**Task objective**
Retype each line of the listing below, word for word.

· · · · ·

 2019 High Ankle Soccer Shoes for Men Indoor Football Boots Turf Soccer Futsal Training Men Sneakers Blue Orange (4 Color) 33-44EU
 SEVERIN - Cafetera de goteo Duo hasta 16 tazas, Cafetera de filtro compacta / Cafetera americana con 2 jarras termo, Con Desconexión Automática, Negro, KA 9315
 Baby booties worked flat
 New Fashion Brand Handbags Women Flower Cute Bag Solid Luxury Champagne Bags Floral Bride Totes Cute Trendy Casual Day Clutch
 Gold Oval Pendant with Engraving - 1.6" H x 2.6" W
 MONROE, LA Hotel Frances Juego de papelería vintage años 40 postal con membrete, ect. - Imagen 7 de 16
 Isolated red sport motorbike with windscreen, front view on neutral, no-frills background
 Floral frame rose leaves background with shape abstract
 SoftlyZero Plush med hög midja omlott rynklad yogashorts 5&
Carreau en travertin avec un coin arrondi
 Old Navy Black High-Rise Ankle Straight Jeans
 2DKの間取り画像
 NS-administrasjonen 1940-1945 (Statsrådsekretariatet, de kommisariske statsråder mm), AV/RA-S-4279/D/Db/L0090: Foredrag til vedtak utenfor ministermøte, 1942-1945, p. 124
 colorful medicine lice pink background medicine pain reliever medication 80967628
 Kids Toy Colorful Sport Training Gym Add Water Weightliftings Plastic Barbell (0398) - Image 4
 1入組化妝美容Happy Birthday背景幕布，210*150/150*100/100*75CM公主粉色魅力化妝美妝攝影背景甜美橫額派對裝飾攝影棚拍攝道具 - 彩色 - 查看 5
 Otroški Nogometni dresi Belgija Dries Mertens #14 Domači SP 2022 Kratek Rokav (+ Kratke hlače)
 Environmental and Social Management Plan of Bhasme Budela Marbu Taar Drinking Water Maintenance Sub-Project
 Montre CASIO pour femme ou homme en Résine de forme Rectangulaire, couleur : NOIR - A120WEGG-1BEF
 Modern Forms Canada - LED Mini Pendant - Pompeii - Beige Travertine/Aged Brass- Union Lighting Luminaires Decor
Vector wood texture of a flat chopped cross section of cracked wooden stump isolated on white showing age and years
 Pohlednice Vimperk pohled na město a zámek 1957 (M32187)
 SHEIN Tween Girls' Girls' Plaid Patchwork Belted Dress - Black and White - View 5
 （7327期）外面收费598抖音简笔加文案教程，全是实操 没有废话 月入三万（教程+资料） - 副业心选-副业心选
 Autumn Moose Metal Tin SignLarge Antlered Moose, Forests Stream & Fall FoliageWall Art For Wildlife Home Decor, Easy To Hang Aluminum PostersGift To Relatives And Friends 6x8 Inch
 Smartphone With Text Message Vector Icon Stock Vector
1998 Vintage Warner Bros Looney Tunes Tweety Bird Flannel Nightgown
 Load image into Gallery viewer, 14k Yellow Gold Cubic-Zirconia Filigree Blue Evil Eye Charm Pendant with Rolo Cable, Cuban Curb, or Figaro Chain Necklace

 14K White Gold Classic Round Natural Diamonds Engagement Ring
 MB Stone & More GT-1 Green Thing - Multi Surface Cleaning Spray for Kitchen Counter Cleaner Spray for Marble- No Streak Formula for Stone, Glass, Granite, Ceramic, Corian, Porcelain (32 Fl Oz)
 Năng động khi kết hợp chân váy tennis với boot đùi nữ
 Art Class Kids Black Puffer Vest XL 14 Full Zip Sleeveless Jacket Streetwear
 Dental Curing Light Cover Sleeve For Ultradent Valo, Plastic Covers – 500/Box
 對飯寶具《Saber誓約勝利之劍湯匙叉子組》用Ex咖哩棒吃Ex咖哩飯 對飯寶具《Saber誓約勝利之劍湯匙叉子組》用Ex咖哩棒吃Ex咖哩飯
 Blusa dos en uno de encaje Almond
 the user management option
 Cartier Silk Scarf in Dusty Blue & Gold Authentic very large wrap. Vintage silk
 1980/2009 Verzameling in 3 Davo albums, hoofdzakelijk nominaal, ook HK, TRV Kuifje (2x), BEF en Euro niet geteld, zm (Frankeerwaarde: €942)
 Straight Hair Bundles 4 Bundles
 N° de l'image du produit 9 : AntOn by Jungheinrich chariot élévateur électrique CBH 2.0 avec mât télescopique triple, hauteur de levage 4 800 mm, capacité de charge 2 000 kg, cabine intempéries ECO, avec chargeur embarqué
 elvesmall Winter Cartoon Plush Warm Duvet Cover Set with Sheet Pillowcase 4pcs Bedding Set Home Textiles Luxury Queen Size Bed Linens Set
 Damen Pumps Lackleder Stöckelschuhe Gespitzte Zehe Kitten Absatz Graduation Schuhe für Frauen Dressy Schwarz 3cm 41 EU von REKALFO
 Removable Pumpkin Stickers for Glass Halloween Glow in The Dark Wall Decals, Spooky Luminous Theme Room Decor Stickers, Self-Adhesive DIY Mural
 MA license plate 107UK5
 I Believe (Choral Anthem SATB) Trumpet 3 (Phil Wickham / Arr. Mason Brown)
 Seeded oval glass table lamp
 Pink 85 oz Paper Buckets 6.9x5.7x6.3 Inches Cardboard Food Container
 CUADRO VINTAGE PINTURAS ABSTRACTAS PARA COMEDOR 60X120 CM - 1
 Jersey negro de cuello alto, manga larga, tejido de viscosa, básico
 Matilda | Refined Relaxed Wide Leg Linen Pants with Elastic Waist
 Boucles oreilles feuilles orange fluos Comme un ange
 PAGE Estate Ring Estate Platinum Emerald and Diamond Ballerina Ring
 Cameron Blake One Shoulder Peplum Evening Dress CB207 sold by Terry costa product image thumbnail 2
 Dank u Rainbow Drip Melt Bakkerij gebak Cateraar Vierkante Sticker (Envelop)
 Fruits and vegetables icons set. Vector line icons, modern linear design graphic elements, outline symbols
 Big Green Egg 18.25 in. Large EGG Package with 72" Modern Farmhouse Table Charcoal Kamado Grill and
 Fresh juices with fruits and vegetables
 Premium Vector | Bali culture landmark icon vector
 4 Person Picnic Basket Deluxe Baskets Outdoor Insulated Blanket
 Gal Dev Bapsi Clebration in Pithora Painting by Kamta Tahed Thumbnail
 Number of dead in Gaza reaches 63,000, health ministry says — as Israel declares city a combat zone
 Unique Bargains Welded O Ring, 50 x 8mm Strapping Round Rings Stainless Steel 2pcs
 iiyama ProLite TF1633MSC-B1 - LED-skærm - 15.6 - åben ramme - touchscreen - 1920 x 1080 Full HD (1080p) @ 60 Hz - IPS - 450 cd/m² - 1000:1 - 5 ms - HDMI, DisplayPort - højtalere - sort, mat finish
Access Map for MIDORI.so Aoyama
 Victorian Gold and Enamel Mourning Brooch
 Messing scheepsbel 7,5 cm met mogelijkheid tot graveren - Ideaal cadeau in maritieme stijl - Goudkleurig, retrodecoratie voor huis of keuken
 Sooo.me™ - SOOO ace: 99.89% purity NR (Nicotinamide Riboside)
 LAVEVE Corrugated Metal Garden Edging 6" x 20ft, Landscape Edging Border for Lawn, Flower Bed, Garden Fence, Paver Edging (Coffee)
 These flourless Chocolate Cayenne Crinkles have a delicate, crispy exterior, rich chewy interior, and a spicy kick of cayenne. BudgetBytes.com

· · · · ·

**Reply**
 2019 High Ankle Soccer Shoes for Men Indoor Football Boots Turf Soccer Futsal Training Men Sneakers Blue Orange (4 Color) 33-44EU
 SEVERIN - Cafetera de goteo Duo hasta 16 tazas, Cafetera de filtro compacta / Cafetera americana con 2 jarras termo, Con Desconexión Automática, Negro, KA 9315
 Baby booties worked flat
 New Fashion Brand Handbags Women Flower Cute Bag Solid Luxury Champagne Bags Floral Bride Totes Cute Trendy Casual Day Clutch
 Gold Oval Pendant with Engraving - 1.6" H x 2.6" W
 MONROE, LA Hotel Frances Juego de papelería vintage años 40 postal con membrete, ect. - Imagen 7 de 16
 Isolated red sport motorbike with windscreen, front view on neutral, no-frills background
 Floral frame rose leaves background with shape abstract
 SoftlyZero Plush med hög midja omlott rynklad yogashorts 5&
Carreau en travertin avec un coin arrondi
 Old Navy Black High-Rise Ankle Straight Jeans
 2DKの間取り画像
 NS-administrasjonen 1940-1945 (Statsrådsekretariatet, de kommisariske statsråder mm), AV/RA-S-4279/D/Db/L0090: Foredrag til vedtak utenfor ministermøte, 1942-1945, p. 124
 colorful medicine lice pink background medicine pain reliever medication 80967628
 Kids Toy Colorful Sport Training Gym Add Water Weightliftings Plastic Barbell (0398) - Image 4
 1入組化妝美容Happy Birthday背景幕布，210*150/150*100/100*75CM公主粉色魅力化妝美妝攝影背景甜美橫額派對裝飾攝影棚拍攝道具 - 彩色 - 查看 5
 Otroški Nogometni dresi Belgija Dries Mertens #14 Domači SP 2022 Kratek Rokav (+ Kratke hlače)
 Environmental and Social Management Plan of Bhasme Budela Marbu Taar Drinking Water Maintenance Sub-Project
 Montre CASIO pour femme ou homme en Résine de forme Rectangulaire, couleur : NOIR - A120WEGG-1BEF
 Modern Forms Canada - LED Mini Pendant - Pompeii - Beige Travertine/Aged Brass- Union Lighting Luminaires Decor
Vector wood texture of a flat chopped cross section of cracked wooden stump isolated on white showing age and years
 Pohlednice Vimperk pohled na město a zámek 1957 (M32187)
 SHEIN Tween Girls' Girls' Plaid Patchwork Belted Dress - Black and White - View 5
 （7327期）外面收费598抖音简笔加文案教程，全是实操 没有废话 月入三万（教程+资料） - 副业心选-副业心选
 Autumn Moose Metal Tin SignLarge Antlered Moose, Forests Stream & Fall FoliageWall Art For Wildlife Home Decor, Easy To Hang Aluminum PostersGift To Relatives And Friends 6x8 Inch
 Smartphone With Text Message Vector Icon Stock Vector
1998 Vintage Warner Bros Looney Tunes Tweety Bird Flannel Nightgown
 Load image into Gallery viewer, 14k Yellow Gold Cubic-Zirconia Filigree Blue Evil Eye Charm Pendant with Rolo Cable, Cuban Curb, or Figaro Chain Necklace

 14K White Gold Classic Round Natural Diamonds Engagement Ring
 MB Stone & More GT-1 Green Thing - Multi Surface Cleaning Spray for Kitchen Counter Cleaner Spray for Marble- No Streak Formula for Stone, Glass, Granite, Ceramic, Corian, Porcelain (32 Fl Oz)
 Năng động khi kết hợp chân váy tennis với boot đùi nữ
 Art Class Kids Black Puffer Vest XL 14 Full Zip Sleeveless Jacket Streetwear
 Dental Curing Light Cover Sleeve For Ultradent Valo, Plastic Covers – 500/Box
 對飯寶具《Saber誓約勝利之劍湯匙叉子組》用Ex咖哩棒吃Ex咖哩飯 對飯寶具《Saber誓約勝利之劍湯匙叉子組》用Ex咖哩棒吃Ex咖哩飯
 Blusa dos en uno de encaje Almond
 the user management option
 Cartier Silk Scarf in Dusty Blue & Gold Authentic very large wrap. Vintage silk
 1980/2009 Verzameling in 3 Davo albums, hoofdzakelijk nominaal, ook HK, TRV Kuifje (2x), BEF en Euro niet geteld, zm (Frankeerwaarde: €942)
 Straight Hair Bundles 4 Bundles
 N° de l'image du produit 9 : AntOn by Jungheinrich chariot élévateur électrique CBH 2.0 avec mât télescopique triple, hauteur de levage 4 800 mm, capacité de charge 2 000 kg, cabine intempéries ECO, avec chargeur embarqué
 elvesmall Winter Cartoon Plush Warm Duvet Cover Set with Sheet Pillowcase 4pcs Bedding Set Home Textiles Luxury Queen Size Bed Linens Set
 Damen Pumps Lackleder Stöckelschuhe Gespitzte Zehe Kitten Absatz Graduation Schuhe für Frauen Dressy Schwarz 3cm 41 EU von REKALFO
 Removable Pumpkin Stickers for Glass Halloween Glow in The Dark Wall Decals, Spooky Luminous Theme Room Decor Stickers, Self-Adhesive DIY Mural
 MA license plate 107UK5
 I Believe (Choral Anthem SATB) Trumpet 3 (Phil Wickham / Arr. Mason Brown)
 Seeded oval glass table lamp
 Pink 85 oz Paper Buckets 6.9x5.7x6.3 Inches Cardboard Food Container
 CUADRO VINTAGE PINTURAS ABSTRACTAS PARA COMEDOR 60X120 CM - 1
 Jersey negro de cuello alto, manga larga, tejido de viscosa, básico
 Matilda | Refined Relaxed Wide Leg Linen Pants with Elastic Waist
 Boucles oreilles feuilles orange fluos Comme un ange
 PAGE Estate Ring Estate Platinum Emerald and Diamond Ballerina Ring
 Cameron Blake One Shoulder Peplum Evening Dress CB207 sold by Terry costa product image thumbnail 2
 Dank u Rainbow Drip Melt Bakkerij gebak Cateraar Vierkante Sticker (Envelop)
 Fruits and vegetables icons set. Vector line icons, modern linear design graphic elements, outline symbols
 Big Green Egg 18.25 in. Large EGG Package with 72" Modern Farmhouse Table Charcoal Kamado Grill and
 Fresh juices with fruits and vegetables
 Premium Vector | Bali culture landmark icon vector
 4 Person Picnic Basket Deluxe Baskets Outdoor Insulated Blanket
 Gal Dev Bapsi Clebration in Pithora Painting by Kamta Tahed Thumbnail
 Number of dead in Gaza reaches 63,000, health ministry says — as Israel declares city a combat zone
 Unique Bargains Welded O Ring, 50 x 8mm Strapping Round Rings Stainless Steel 2pcs
 iiyama ProLite TF1633MSC-B1 - LED-skærm - 15.6 - åben ramme - touchscreen - 1920 x 1080 Full HD (1080p) @ 60 Hz - IPS - 450 cd/m² - 1000:1 - 5 ms - HDMI, DisplayPort - højtalere - sort, mat finish
Access Map for MIDORI.so Aoyama
 Victorian Gold and Enamel Mourning Brooch
 Messing scheepsbel 7,5 cm met mogelijkheid tot graveren - Ideaal cadeau in maritieme stijl - Goudkleurig, retrodecoratie voor huis of keuken
 Sooo.me™ - SOOO ace: 99.89% purity NR (Nicotinamide Riboside)
 LAVEVE Corrugated Metal Garden Edging 6" x 20ft, Landscape Edging Border for Lawn, Flower Bed, Garden Fence, Paver Edging (Coffee)
 These flourless Chocolate Cayenne Crinkles have a delicate, crispy exterior, rich chewy interior, and a spicy kick of cayenne. BudgetBytes.com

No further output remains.